というか先輩、それ以上勇者を痛めつけて、魔王の怒りを買うのはまずいですよ!
と言う間もなく、やはり魔王が憤怒の表情で立ち上がった。
「何のつもりだ、きs」
「ふざっっっっっっっっっけんな!」
立ち上がった、が。神奈先輩の怒りの方が、それを上回った。
先輩は魔王を無視してつかつかとカルガオーに歩み寄ると、その胸ぐらを掴み上げる。ちなみにカルガオーは未だに縛られたままなので、されるがままである。
「あんたは! あんたが! なんなのよ!」
「神奈先輩、怒りのあまり言葉になってませんよ」
後輩らしいフォローを入れておくと、先輩はふーっと一度深く息を吐き出して、あらためてきっとカルガオーを睨んだ。
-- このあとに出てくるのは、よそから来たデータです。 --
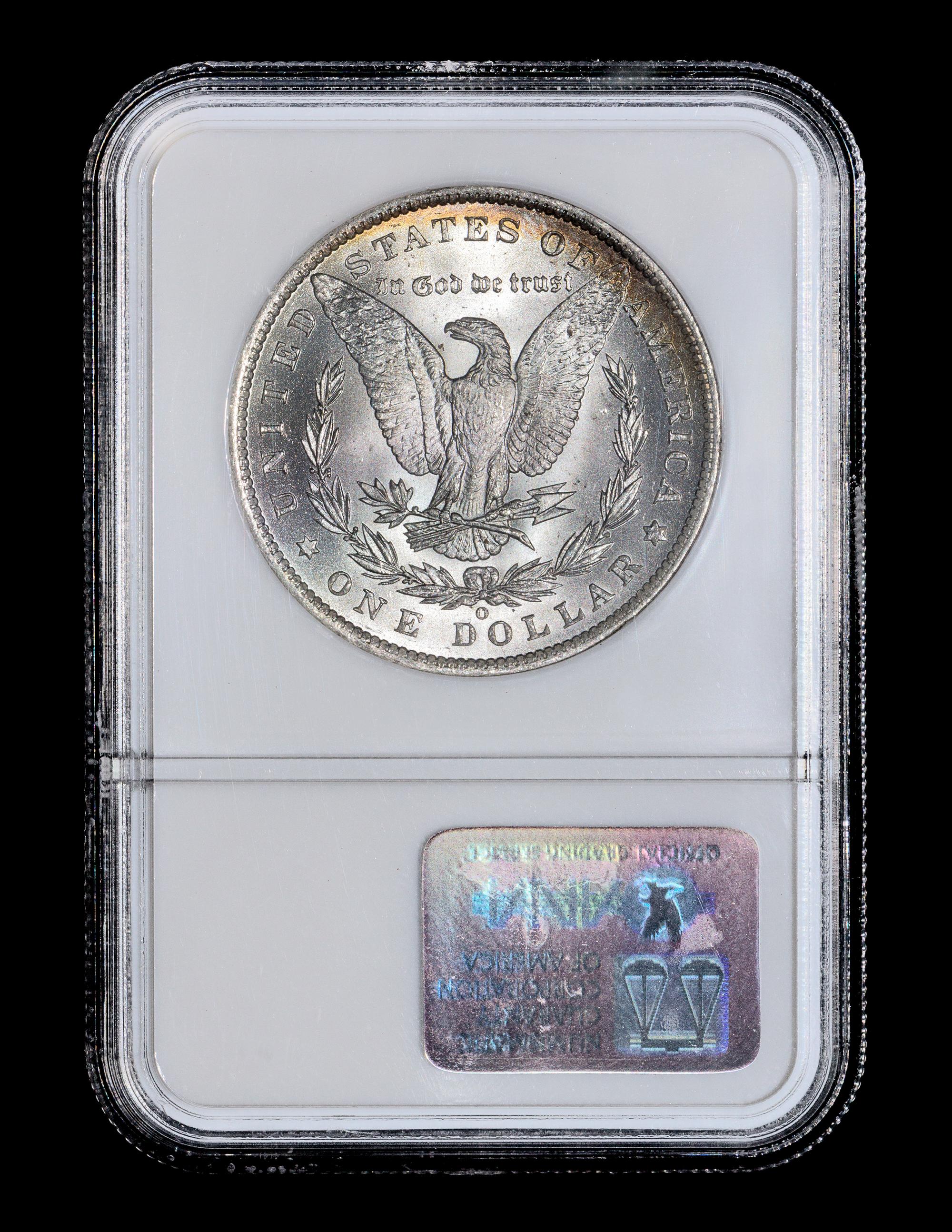 A United States 1885-O Morgan Silver $1 Coin — NGC graded MS66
「あんたが大切にすべきものは、一体なんなのよ! ぽっと出のあたしなんかじゃないでしょうが!」
カルガオーは、恐らく初めて見たであろう神奈先輩の激情に、眼を白黒させている。俺はシリアス展開を予感して、相変わらず後ろで「ふるさと」を吹き続けていた塔子の口を押さえて演奏を止めさせた。
「なんかもうちょっとムードのある曲を頼む」
塔子はぐっと親指を立て、新しい曲を吹き始めた。
うん、高山に咲く花を讃えるあの曲か。メロディーも綺麗だし、凛と咲くエーデルワイスの花は神奈先輩にぴったりだ。塔子にしてはいいチョイスだと感心する。
……そんなやりとりをよそに、先輩はカルガオーを睨んだまま、びしっとアナスタシアを指差した。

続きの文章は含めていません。